Dr. Coleman and Dr. Brown discuss how understandings of BRCA and patient eligibility for PARP inhibitors have evolved in ovarian cancer, the effects of frontline maintenance trials on treatment recommendations, the clinical significance of the findings from the ARIEL4 trial, and where PARP inhibition is headed in the field.
Welcome to OncLive On AirTM! I’m your host today, Caroline Seymour.
OncLive On AirTM is a podcast from OncLive, which provides oncology professionals with the resources and information they need to provide the best patient care.

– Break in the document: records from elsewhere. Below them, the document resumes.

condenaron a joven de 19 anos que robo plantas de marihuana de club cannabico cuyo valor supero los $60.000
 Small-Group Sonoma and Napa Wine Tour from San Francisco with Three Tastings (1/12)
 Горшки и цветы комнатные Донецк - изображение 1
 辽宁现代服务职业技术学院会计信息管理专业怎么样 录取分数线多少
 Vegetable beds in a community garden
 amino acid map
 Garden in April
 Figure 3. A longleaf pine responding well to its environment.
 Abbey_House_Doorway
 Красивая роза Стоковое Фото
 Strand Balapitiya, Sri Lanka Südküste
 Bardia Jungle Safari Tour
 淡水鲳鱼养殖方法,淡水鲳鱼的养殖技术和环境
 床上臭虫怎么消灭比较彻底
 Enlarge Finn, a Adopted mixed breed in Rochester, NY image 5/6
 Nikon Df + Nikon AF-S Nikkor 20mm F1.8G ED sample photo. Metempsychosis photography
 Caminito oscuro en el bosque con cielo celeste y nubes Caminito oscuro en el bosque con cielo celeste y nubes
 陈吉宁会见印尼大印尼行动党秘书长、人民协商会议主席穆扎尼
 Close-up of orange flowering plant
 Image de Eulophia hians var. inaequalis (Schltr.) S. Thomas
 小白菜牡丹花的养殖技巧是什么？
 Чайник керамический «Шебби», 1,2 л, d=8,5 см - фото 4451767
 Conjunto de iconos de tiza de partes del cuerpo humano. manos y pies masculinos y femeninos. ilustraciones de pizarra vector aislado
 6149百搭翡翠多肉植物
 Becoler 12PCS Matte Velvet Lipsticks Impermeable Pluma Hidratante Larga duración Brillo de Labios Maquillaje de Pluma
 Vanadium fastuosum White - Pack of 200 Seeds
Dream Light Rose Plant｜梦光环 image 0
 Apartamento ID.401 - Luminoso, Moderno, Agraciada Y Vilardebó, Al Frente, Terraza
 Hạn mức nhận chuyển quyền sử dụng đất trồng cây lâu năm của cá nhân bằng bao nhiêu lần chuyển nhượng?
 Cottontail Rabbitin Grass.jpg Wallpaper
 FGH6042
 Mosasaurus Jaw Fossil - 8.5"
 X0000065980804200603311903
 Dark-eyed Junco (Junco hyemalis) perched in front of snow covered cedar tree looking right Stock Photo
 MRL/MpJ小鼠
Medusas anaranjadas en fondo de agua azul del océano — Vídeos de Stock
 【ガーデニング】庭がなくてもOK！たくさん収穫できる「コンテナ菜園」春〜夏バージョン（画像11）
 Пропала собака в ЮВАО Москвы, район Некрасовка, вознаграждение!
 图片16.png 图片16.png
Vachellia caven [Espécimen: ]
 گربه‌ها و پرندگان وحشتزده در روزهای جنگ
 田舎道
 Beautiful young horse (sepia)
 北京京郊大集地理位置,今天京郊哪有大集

In both digital and print formats, OncLive covers every angle of oncology practice, from new technology to treatment advances to important regulatory decisions.
In today’s episode, sponsored by Clovis Oncology, we had the pleasure of speaking with Robert L. Coleman, MD, FACOG, FACS, chief scientific officer of The US Oncology Network, and Jubilee Brown, MD, a professor and associate director of Gynecologic Oncology at the Levine Cancer Institute, of Atrium Health, to discuss BRCA positivity and the use of PARP inhibitors in patients with ovarian cancer following an announcement that the confirmatory ARIEL-4 study met its primary end point.
In December 2020, Clovis Oncology released a statement indicating that rucaparib (Rubraca) was found to result in a statistically significant improvement in progression-free survival (PFS) compared with chemotherapy in patients with BRCA-mutant ovarian cancer who had previously received 2 or more lines of chemotherapy in the phase 3 ARIEL4 trial (NCT02855944).
At the 2021 SGO Virtual Annual Meeting on Women’s Cancer, primary findings from the ARIEL4 trial were presented. The results showed that the investigator-assessed median PFS in the efficacy population was 7.4 months with rucaparib vs 5.7 months with chemotherapy.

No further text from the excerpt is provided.